China marks every September 18th by blowing sirens to remember the Mukden Incident, a 1931 event that Japan used as a pretext to invade Manchuria, setting off a brutal occupation of China that ended only at the close of the second World War. But this year the anniversary went nationwide.
“These people demonstrating are students; they are China’s future. They are our national power, ready to burst with patriotic strength,” wrote one blogger on the Weibo network.
Another online commentator, Jiangnanfengxujing, wrote: “More police dogs than people – it looks like they are guarding the Japanese consulate, but they are protecting the government building. It seems they are afraid of something.”
At the Japanese embassy in Beijing, protesters threw bottles and fruit, chanted anti-Japanese songs, and demanded boycotts of Japanese goods. Windows were smashed.
All over China, Japanese companies were forced to close as the crisis over a territorial dispute escalated. The front page of Beijing Daily News showed workers at the clothing retailer Uniqlo in the plush Village mall painting the company’s logo red – Uniqlo shut about a quarter of its 145 Uniqlo stores in China for the day.
There was a swift and outraged reaction to news that two Japanese activists had landed on an island at the centre of the dispute.
“The unlawful landing of the Japanese right-wingers on the Chinese territory of the Diaoyu islands was a gravely provocative action violating Chinese territorial sovereignty,” Chinese Foreign Ministry spokesman Hong Lei said.
China’s defence chief Liang Guanglie said he hoped for a peaceful resolution to the dispute, but warned against the possibility of “further actions”.

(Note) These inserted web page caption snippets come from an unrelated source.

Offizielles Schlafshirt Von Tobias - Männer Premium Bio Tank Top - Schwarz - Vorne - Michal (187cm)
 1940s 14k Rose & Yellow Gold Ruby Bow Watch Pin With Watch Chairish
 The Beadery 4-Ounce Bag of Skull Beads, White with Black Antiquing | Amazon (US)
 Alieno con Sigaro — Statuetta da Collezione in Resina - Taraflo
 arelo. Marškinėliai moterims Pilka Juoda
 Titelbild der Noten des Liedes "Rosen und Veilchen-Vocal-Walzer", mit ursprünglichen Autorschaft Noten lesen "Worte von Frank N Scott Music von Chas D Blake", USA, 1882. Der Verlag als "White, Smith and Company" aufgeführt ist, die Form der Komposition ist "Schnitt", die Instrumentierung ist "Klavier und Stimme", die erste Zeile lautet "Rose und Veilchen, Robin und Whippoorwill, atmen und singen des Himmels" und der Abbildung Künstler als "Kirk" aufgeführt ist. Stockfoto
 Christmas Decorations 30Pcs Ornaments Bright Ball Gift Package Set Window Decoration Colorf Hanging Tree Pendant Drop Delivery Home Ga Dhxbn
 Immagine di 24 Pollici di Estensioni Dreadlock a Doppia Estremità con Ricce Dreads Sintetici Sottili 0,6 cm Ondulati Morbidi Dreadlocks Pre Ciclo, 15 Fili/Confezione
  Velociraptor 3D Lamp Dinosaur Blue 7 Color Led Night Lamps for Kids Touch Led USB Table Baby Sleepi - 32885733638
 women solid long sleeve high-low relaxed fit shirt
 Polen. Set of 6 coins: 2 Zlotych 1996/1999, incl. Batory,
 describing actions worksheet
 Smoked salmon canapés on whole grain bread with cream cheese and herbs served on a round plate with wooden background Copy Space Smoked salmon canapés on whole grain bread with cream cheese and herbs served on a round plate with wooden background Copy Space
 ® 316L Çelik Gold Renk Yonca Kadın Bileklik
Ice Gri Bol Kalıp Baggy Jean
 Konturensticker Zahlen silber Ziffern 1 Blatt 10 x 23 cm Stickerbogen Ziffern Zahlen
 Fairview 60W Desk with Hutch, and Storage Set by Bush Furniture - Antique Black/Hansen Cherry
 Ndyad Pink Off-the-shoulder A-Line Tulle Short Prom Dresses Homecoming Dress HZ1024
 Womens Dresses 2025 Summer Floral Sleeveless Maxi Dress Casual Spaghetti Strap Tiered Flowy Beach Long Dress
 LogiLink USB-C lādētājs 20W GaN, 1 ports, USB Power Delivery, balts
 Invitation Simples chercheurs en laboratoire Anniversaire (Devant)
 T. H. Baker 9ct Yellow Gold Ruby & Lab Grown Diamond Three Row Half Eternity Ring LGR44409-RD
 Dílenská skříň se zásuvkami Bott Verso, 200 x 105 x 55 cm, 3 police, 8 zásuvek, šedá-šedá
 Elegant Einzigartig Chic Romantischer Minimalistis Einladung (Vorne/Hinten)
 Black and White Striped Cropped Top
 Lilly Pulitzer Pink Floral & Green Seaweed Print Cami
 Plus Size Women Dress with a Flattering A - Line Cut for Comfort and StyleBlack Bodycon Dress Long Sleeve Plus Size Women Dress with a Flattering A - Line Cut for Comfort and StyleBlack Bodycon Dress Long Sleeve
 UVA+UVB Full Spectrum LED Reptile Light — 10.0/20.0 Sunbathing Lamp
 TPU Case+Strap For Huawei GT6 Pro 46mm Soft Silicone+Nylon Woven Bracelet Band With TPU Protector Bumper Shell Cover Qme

Beijing has given tacit approval to the protests but there are fears that they could get out of hand. Many of the protesters carried portraits of Chairman Mao Zedong, an implicit criticism of the current administration in China, and wore combat fatigues favoured by the old school Communists of the civil war era.
The Maoist demonstrators bore banners saying “United, Love China, Never forget our national shame.”
Last week, the Japanese government bought three of the five islands from the family that owns them, prompting protests in China.
While there are fears the tensions could escalate into a more serious conflict, the initial fallout looks likely to be felt on trade between Asia’s two biggest economies.
China is Japan’s largest trading partner, and Japan is China’s third largest. In 2011 the countries’ bilateral trade grew 14.3 per cent to €263 billion.